Auch die Integrationsprobleme mit muslimischen Migranten in Westeuropa, von denen sich manche Jüngere aus der zweiten und dritten Einwanderergeneration islamistischem Gedankengut verschreiben und einige wenige sogar auf den Weg der Gewalt abdriften, berühren nicht nur die christliche Mehrheitsbevölkerung, sondern auch die hier lebenden Juden. Dem Antisemitismus in den Randzonen der traditionell ansässigen Bevölkerung hat sich längst eine antizionistisch motivierte Judenfeindlichkeit zugesellt, die an manchen Stellen ideologisch mit dem klassischen Rechtsextremismus verschmilzt. All dies macht den Ruf nach einem Dialog zwischen Islam, Christentum und Judentum […] gut verständlich."

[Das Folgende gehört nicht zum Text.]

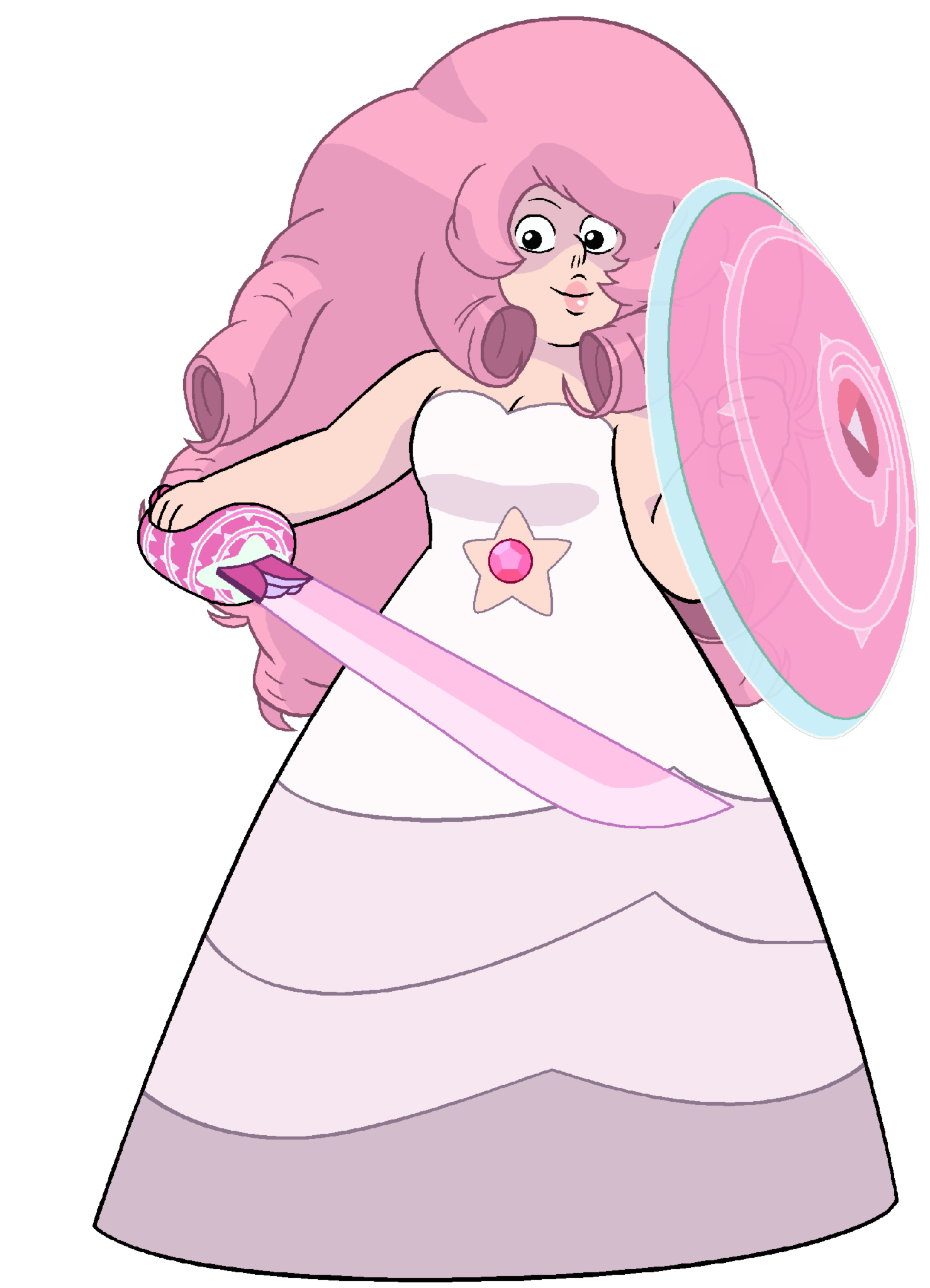 Rose Quartz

Nebenbei bemerkt ist die subtile Unterscheidung des christlichen und islamischen Antisemitismus interessant, die Lehmann hier etabliert: Judenfeindliche Islamisten kommen aus der zweiten und dritten Einwanderergeneration, während Antisemitismus in den Randzonen der deutschen Gesellschaft zu verorten ist. Unter den Experten bestehen unterschiedliche Einschätzungen darüber, welche Bedeutung der interreligiöse Dialog für die Kirchen auf Leitungsebene in den letzten Jahren hat. Die Experten betonen nur zum Teil Ernüchterung und einen Rückzug vom Dialog, die andere wiederum nicht erkennen. Einer Vertiefung bestehender Aktivitäten steht die mangelnde Bereitschaft gegenüber, neue Projekte zu initiieren. Die Breite des interreligiösen Dialogs wird zukünftig davon abhängen, ob in seinem Rahmen gemeinsame Zukunftsaufgaben diskutiert und bewältigt werden können.